* [Listed records]:
Content starts

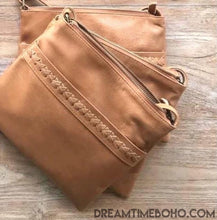 Load image into Gallery viewer, Coastal Leather Cross Body Bag-Leather Crossbody Bag-Dreamtime Boho-Tan-Dreamtime Boho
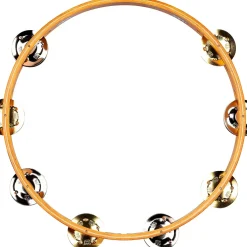 MEINL Recording-Combo Wood Tambourine One Row Dual Alloy Jingles Super Natural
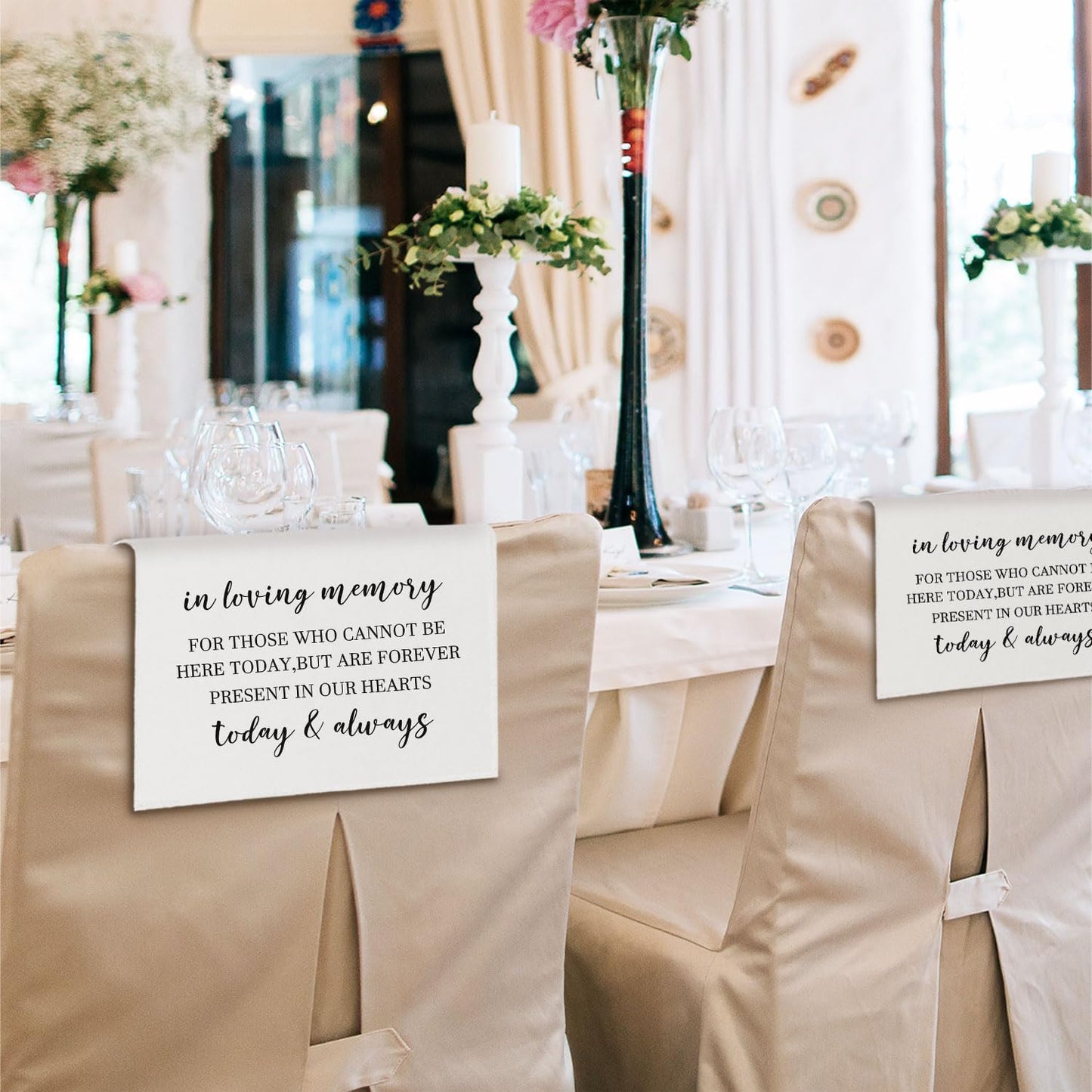 In Loving Memory Wedding Sign, Reserved Memorial Chair Signs Pew Cloths Seating Placeholder, Wedding Decorations for Reception Event Celebrations (2 Pcs, today & always)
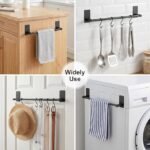 16-Inch Black Adhesive Towel Bar, Stainless Steel No-Drill Wall-Mounted Towel Rack - Image 5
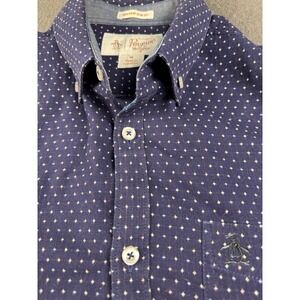 Penguin shirt casual button-down men's medium‎ blue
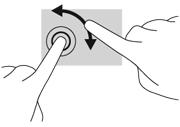 Plaats twee van elkaar gescheiden vingers op de touchpadzone. Beweeg beide vingers in een boog, waarbij u de vingers op gelijke afstand van elkaar houdt.
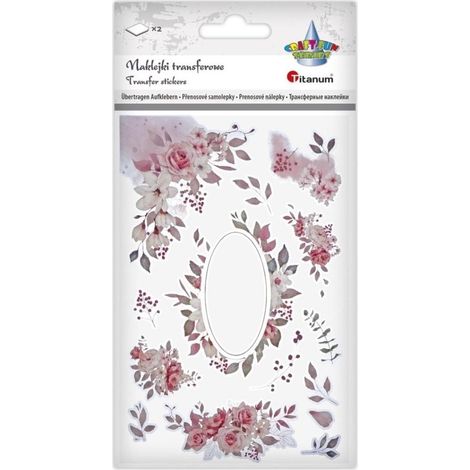 Adesivi trasferibili con fiori rosa, 2 pannelli
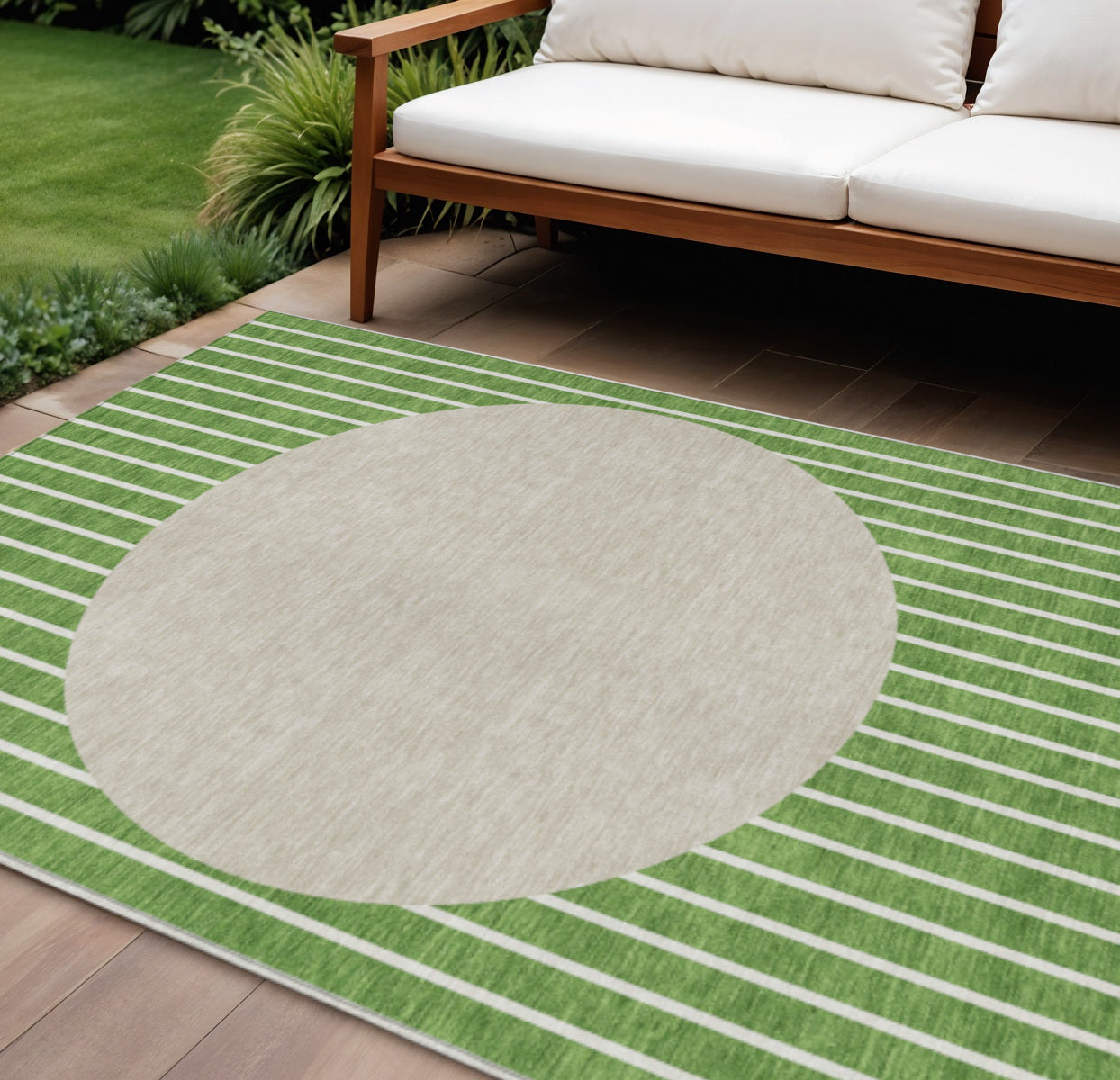 8' X 10' Green And Gray Striped Washable Indoor Outdoor Area Rug
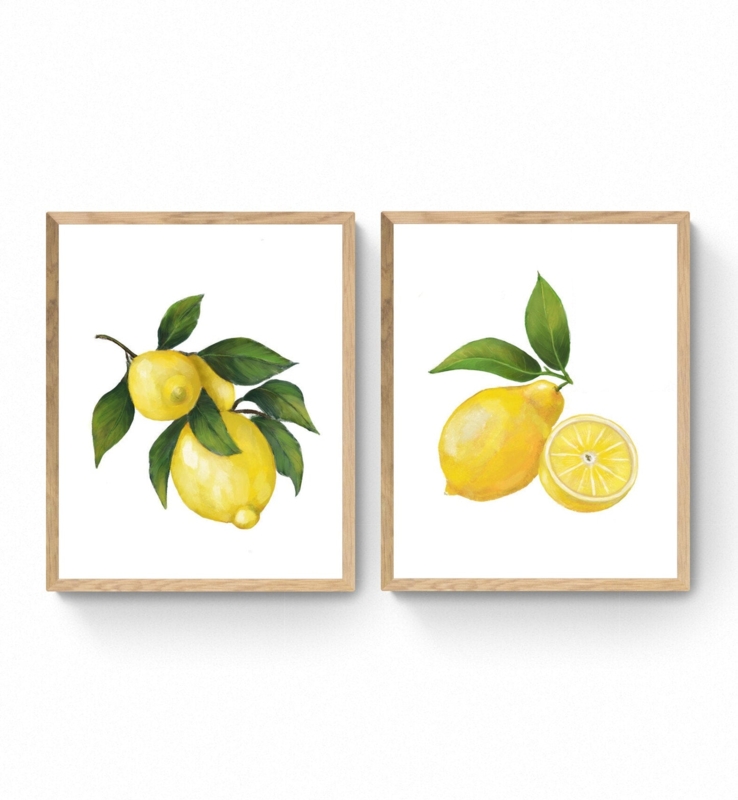 Framed Wall Art Set Botanical Lemon Illustration Wood Toned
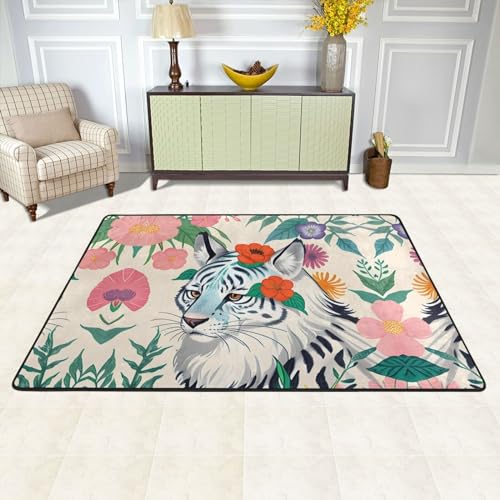 Tapis de sol en flanelle absorbant l'eau tigre blanc doux et durable 91,4x61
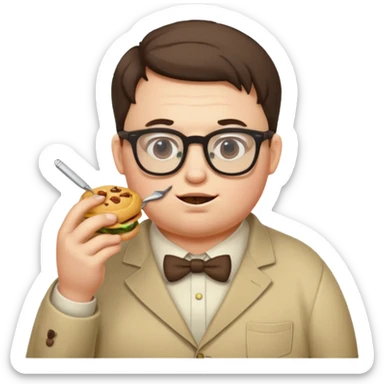 nerd eating fat discord mod with glasses sticker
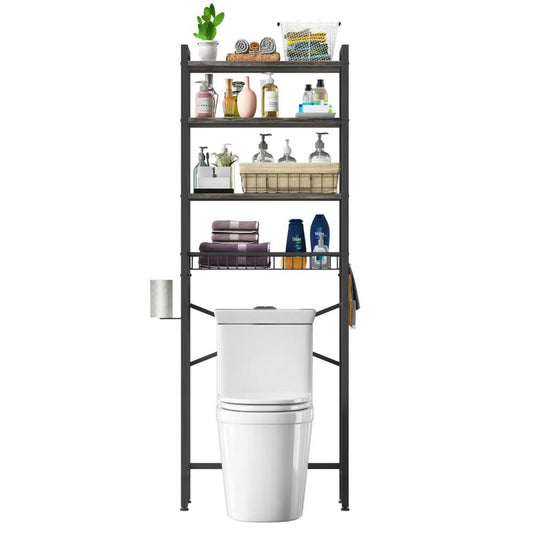 Over the Toilet Storage Freestanding Industrial Metal Wood Shelving Unit Grey/Black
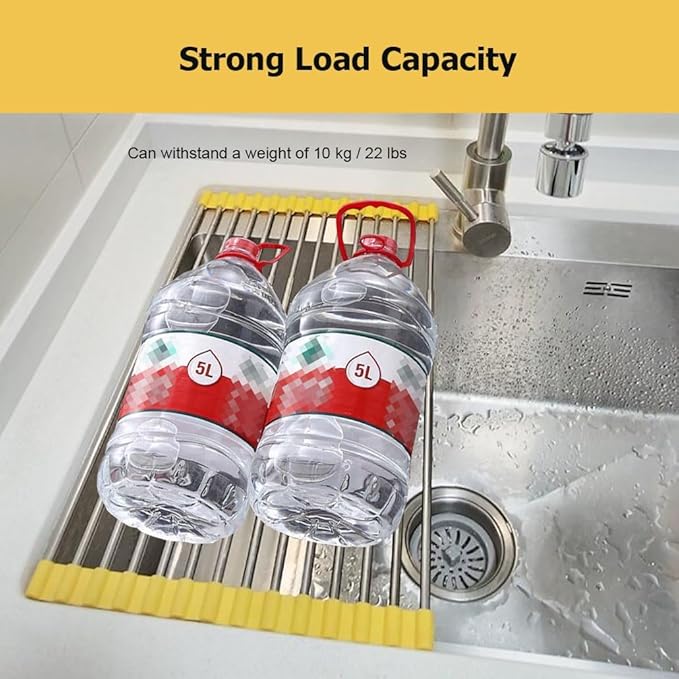 1/2/4 Expandable Roll Up Dish Drying Rack Up to 21" Multipurpose Over The Sink Kitchen Rolling up Dish Drainer, Foldable Rollable Telescopic Drying Rack Mat(4PCS,W 39.5cm/15.6in)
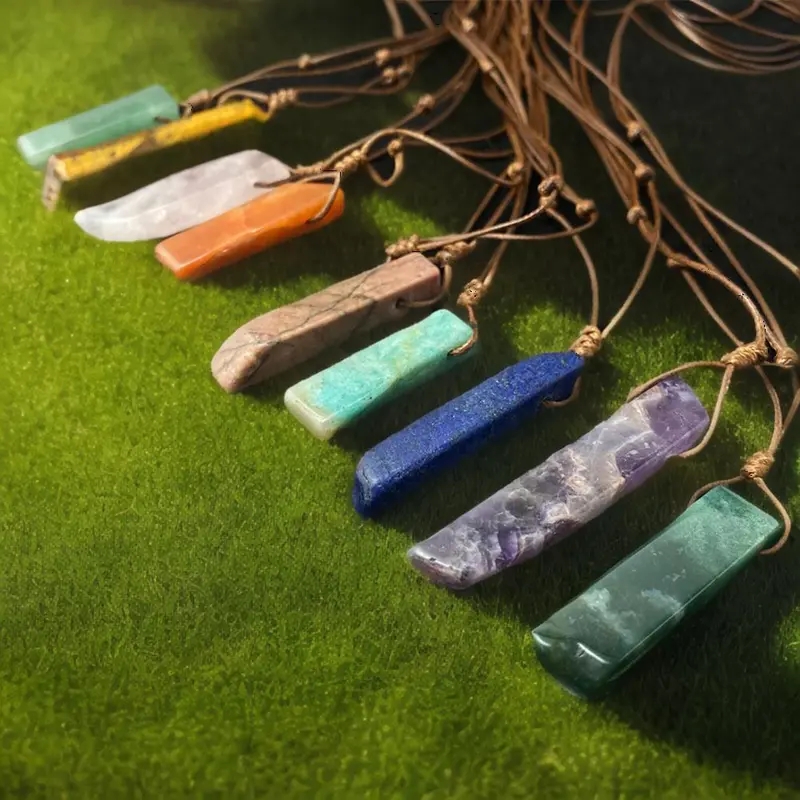 10Pcs Natural Stone Pendant Necklaces Wholesale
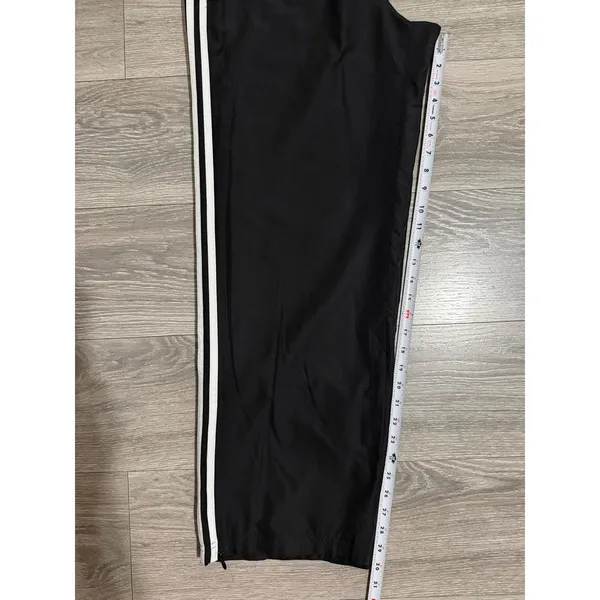Y2K Adidas Women Black Three Stripe Track Pants L Mesh Lined Zipper Cuffs AZF001 - Image 6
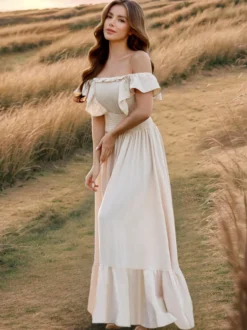 Robe longue bohème à taille smockée pour femme - Robe fluide à volants manches papillon et col carré - Robe d'été pour la plage 2026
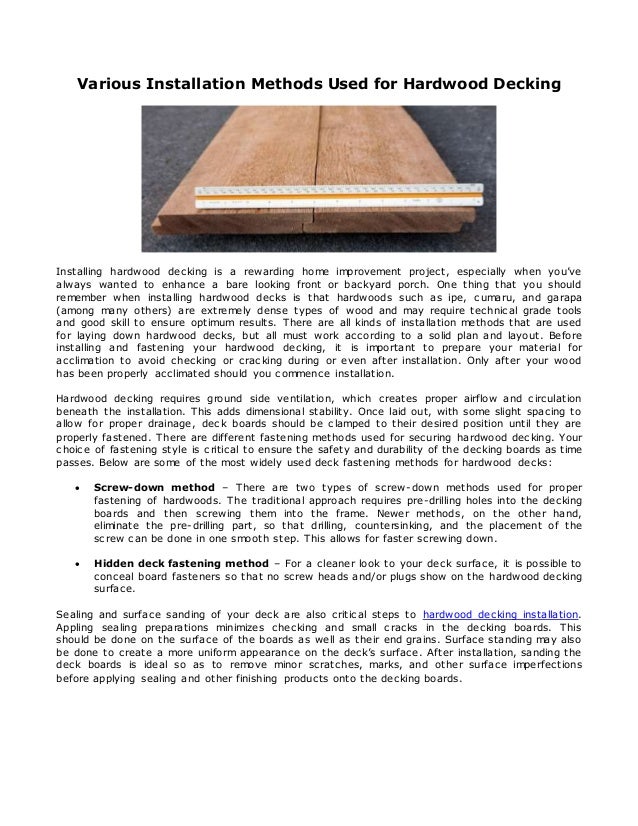 Various Installation Methods Used For Hardwood Decking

Content ends

* [Task prompt]: Look through the listing above for the line with "Tapis de sol" and the line with "Y2K Adidas Women". Write out exactly those lines and everything between, leaving out pictures.

* [Response to the exercise]:
 Tapis de sol en flanelle absorbant l'eau tigre blanc doux et durable 91,4x61
 nerd eating fat discord mod with glasses sticker
 Over the Toilet Storage Freestanding Industrial Metal Wood Shelving Unit Grey/Black
 1/2/4 Expandable Roll Up Dish Drying Rack Up to 21" Multipurpose Over The Sink Kitchen Rolling up Dish Drainer, Foldable Rollable Telescopic Drying Rack Mat(4PCS,W 39.5cm/15.6in)
 10Pcs Natural Stone Pendant Necklaces Wholesale
Y2K Adidas Women Black Three Stripe Track Pants L Mesh Lined Zipper Cuffs AZF001 - Image 6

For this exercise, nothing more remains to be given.